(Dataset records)
====

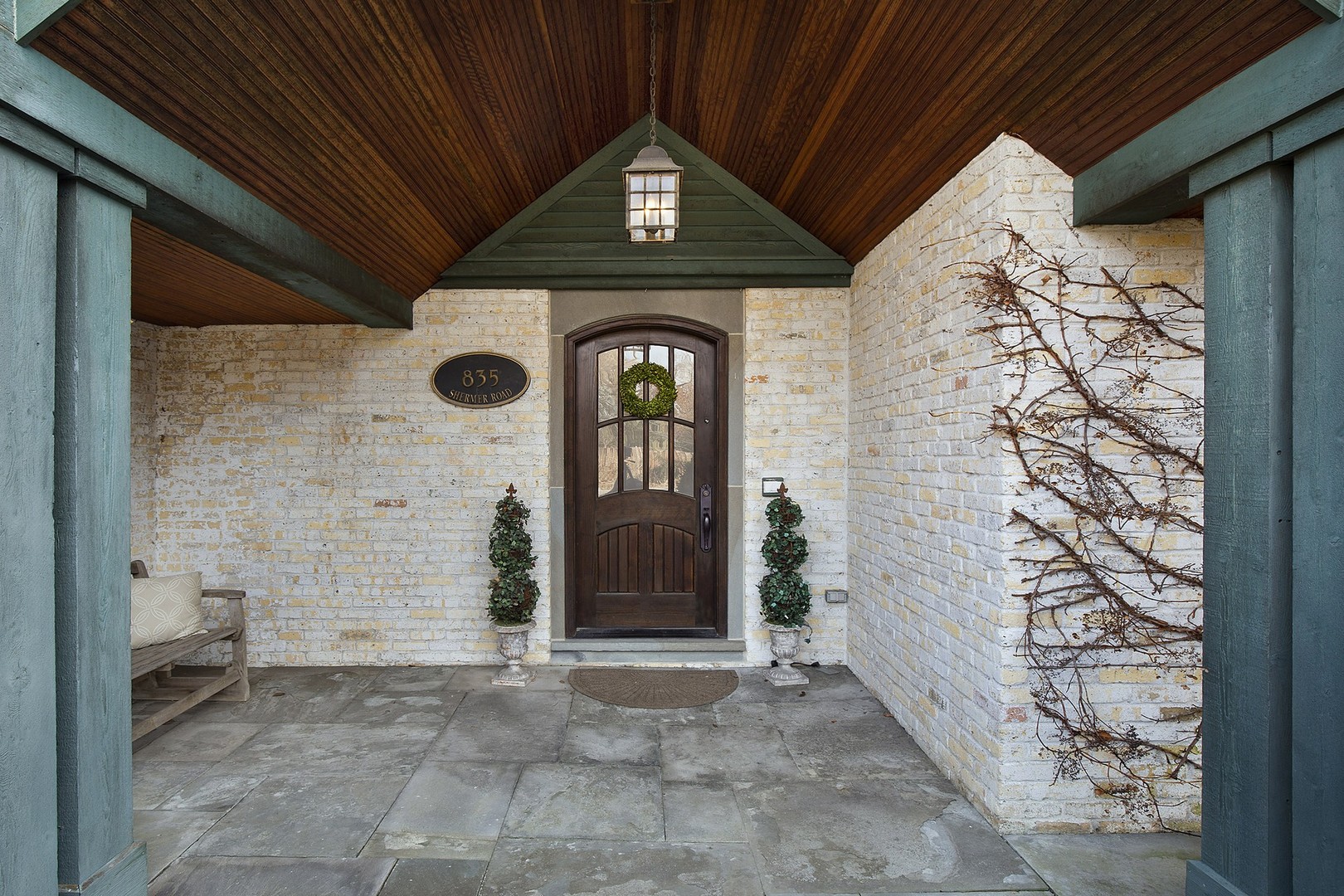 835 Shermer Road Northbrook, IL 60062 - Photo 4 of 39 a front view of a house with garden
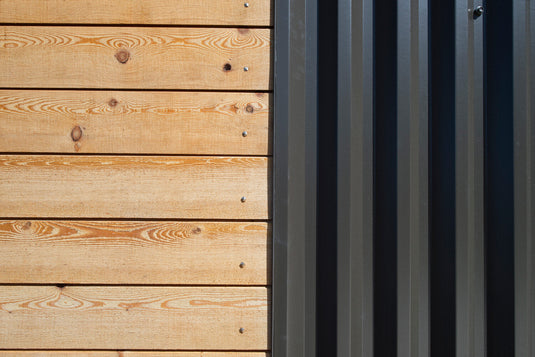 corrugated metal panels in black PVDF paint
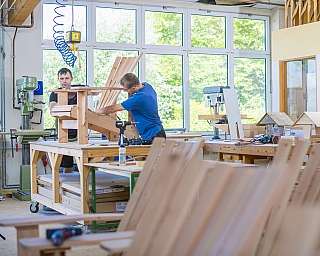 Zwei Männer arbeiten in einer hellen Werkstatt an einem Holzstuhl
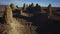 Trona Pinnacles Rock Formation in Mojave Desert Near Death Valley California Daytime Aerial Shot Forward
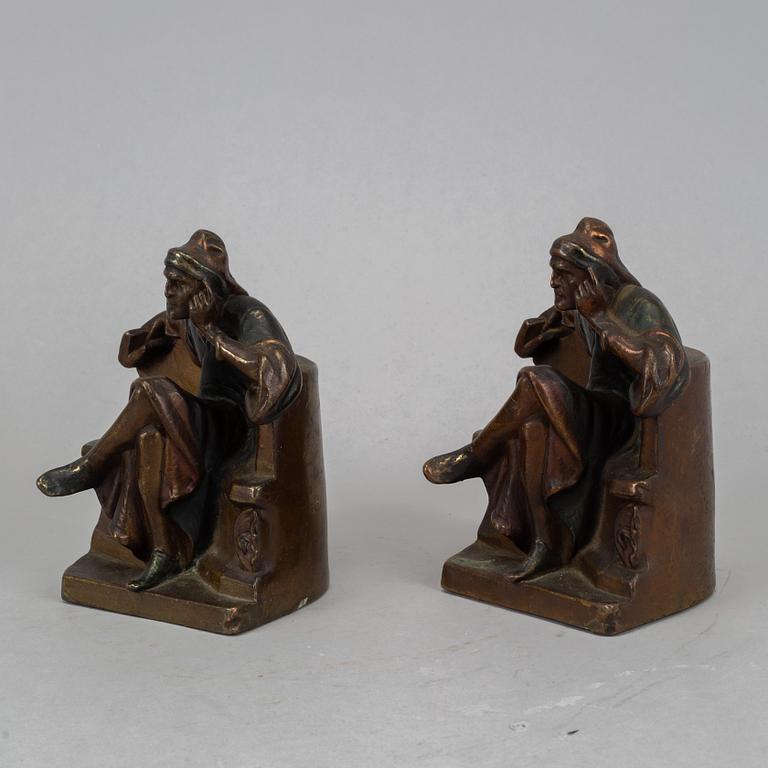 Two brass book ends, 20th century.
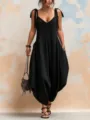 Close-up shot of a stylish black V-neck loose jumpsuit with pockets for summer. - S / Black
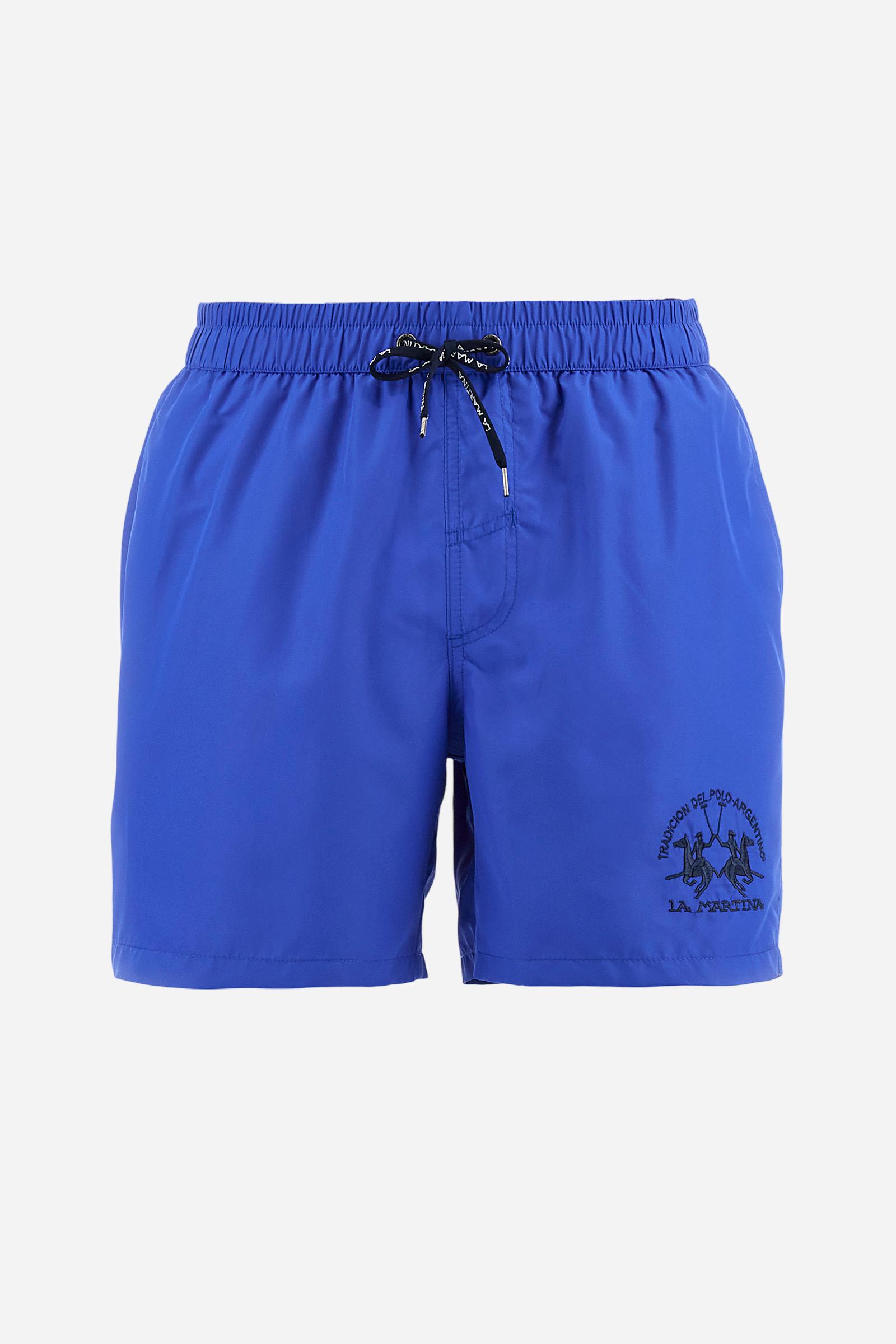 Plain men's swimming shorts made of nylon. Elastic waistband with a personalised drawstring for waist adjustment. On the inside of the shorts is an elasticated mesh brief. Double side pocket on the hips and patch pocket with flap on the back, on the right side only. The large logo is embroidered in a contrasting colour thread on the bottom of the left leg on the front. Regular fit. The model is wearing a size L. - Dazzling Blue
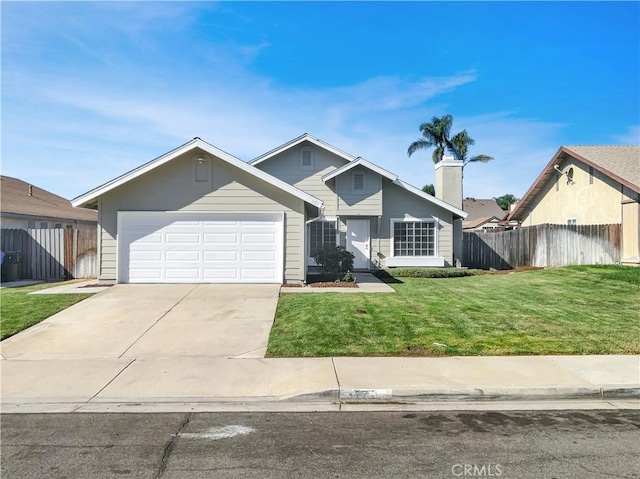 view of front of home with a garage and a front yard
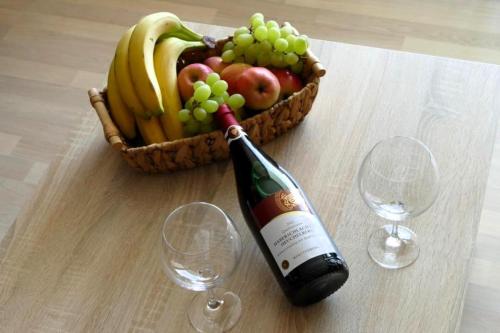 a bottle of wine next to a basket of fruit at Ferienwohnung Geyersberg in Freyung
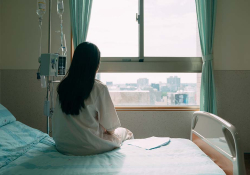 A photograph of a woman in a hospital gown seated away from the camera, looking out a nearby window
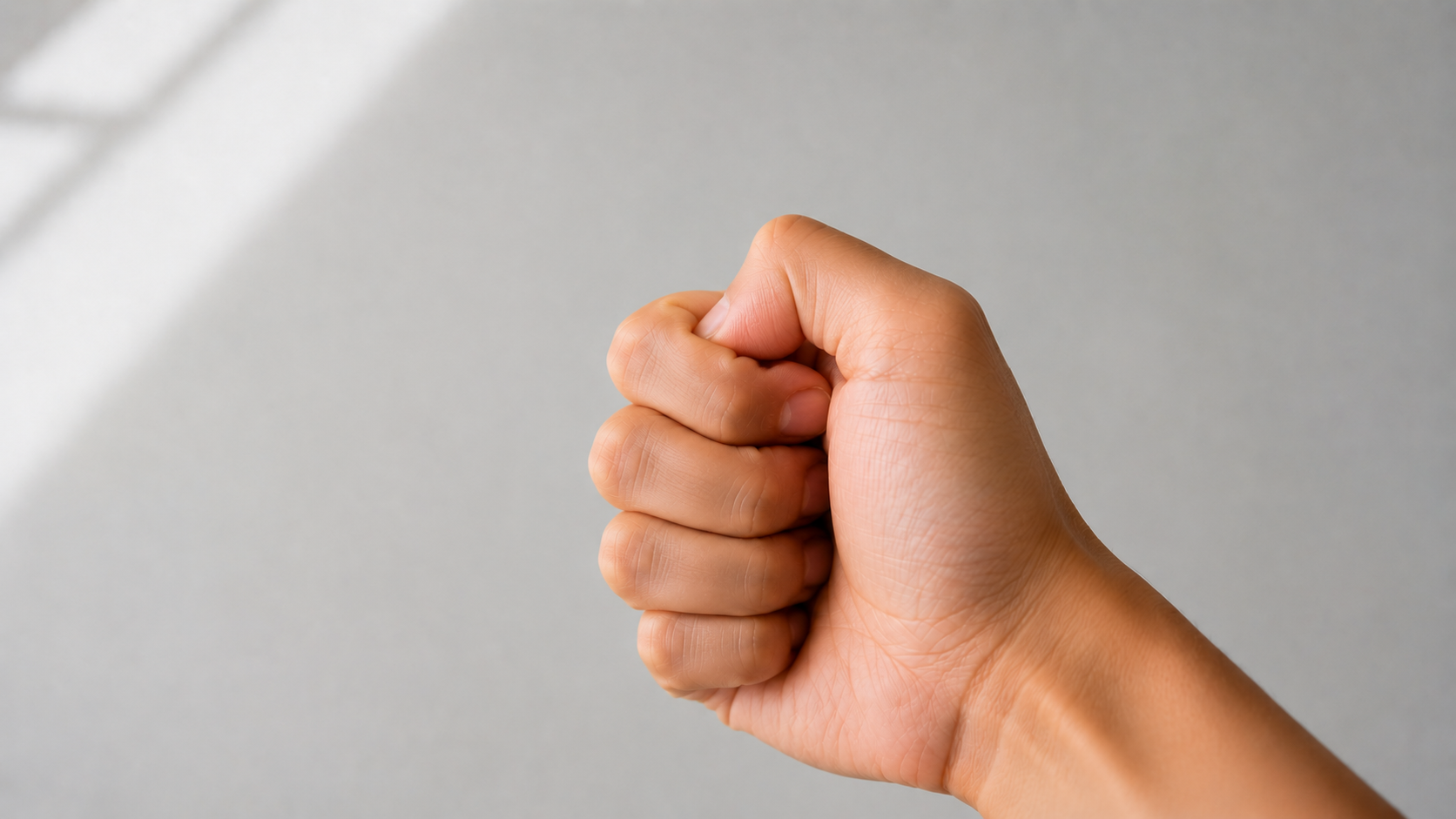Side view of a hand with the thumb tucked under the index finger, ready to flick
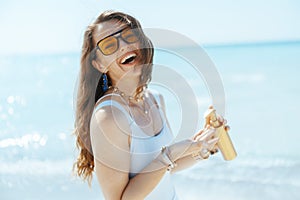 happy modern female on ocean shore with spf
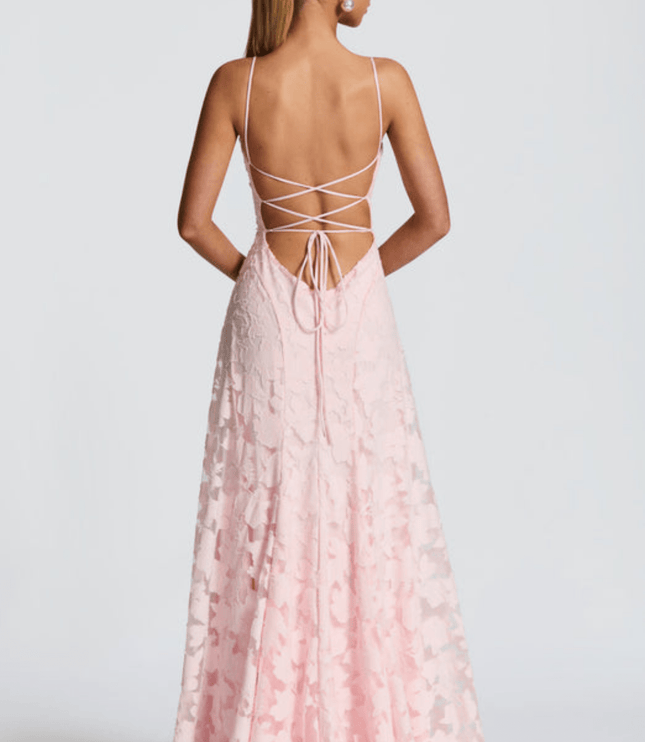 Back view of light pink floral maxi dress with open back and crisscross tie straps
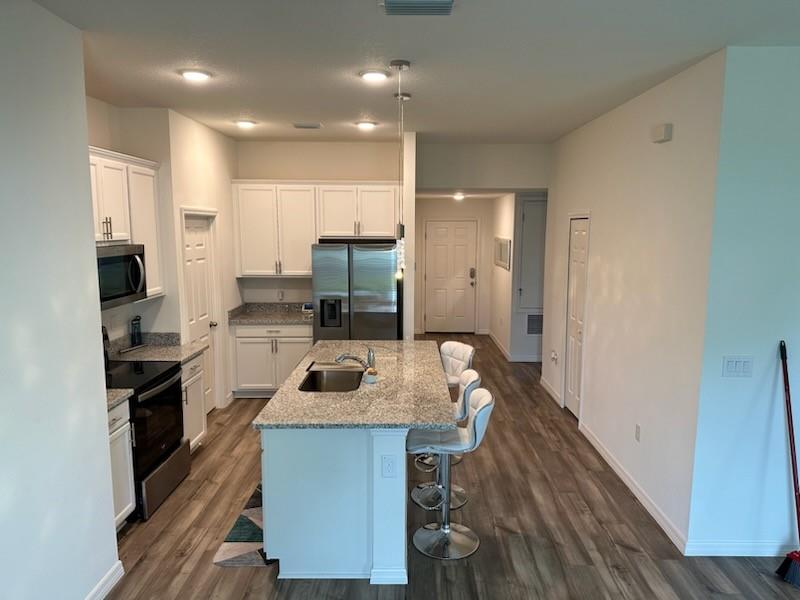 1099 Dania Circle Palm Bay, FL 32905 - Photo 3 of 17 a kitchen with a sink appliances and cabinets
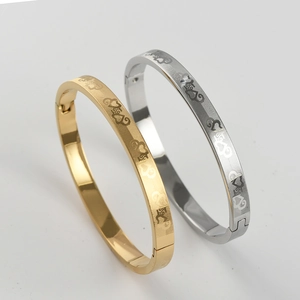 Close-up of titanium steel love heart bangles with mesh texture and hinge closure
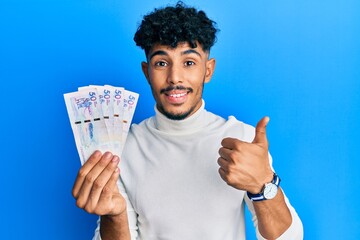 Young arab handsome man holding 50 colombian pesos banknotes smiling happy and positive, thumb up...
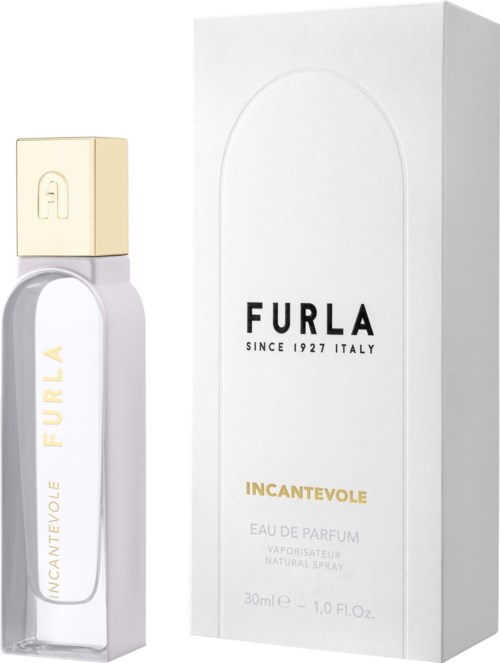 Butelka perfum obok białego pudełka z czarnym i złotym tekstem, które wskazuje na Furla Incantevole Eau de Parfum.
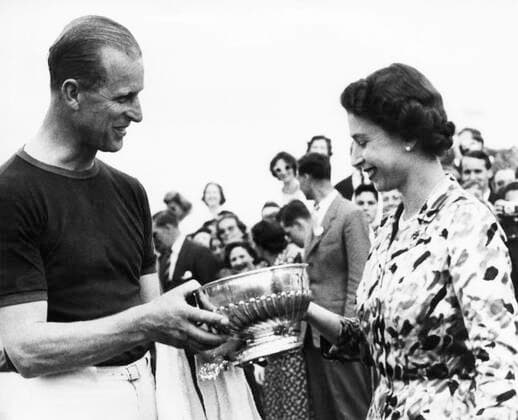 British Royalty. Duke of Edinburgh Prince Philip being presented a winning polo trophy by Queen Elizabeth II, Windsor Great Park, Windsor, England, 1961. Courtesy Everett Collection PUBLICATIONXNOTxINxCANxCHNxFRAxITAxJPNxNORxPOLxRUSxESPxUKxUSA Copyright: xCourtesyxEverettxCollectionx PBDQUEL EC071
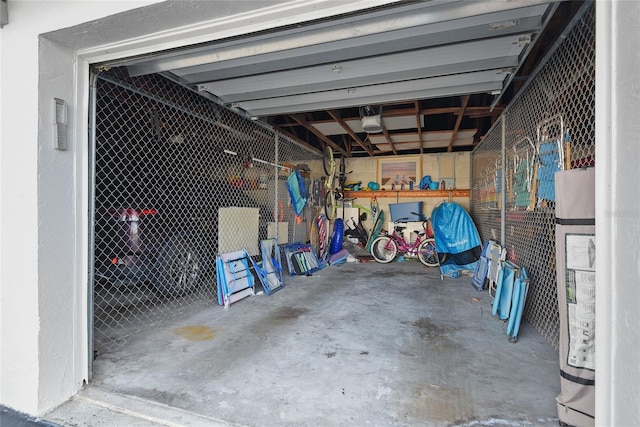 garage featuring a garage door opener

====

→ **Prompt**:
Each line from the start of the entries to the line holding "view of front" is to be given again exactly, both ends included, and each picture is to be left out.

→ **Exercise result**:
 835 Shermer Road Northbrook, IL 60062 - Photo 4 of 39 a front view of a house with garden
 corrugated metal panels in black PVDF paint
 Zwei Männer arbeiten in einer hellen Werkstatt an einem Holzstuhl
 Trona Pinnacles Rock Formation in Mojave Desert Near Death Valley California Daytime Aerial Shot Forward
 Two brass book ends, 20th century.
 Close-up shot of a stylish black V-neck loose jumpsuit with pockets for summer. - S / Black
 Plain men's swimming shorts made of nylon. Elastic waistband with a personalised drawstring for waist adjustment. On the inside of the shorts is an elasticated mesh brief. Double side pocket on the hips and patch pocket with flap on the back, on the right side only. The large logo is embroidered in a contrasting colour thread on the bottom of the left leg on the front. Regular fit. The model is wearing a size L. - Dazzling Blue
 view of front of home with a garage and a front yard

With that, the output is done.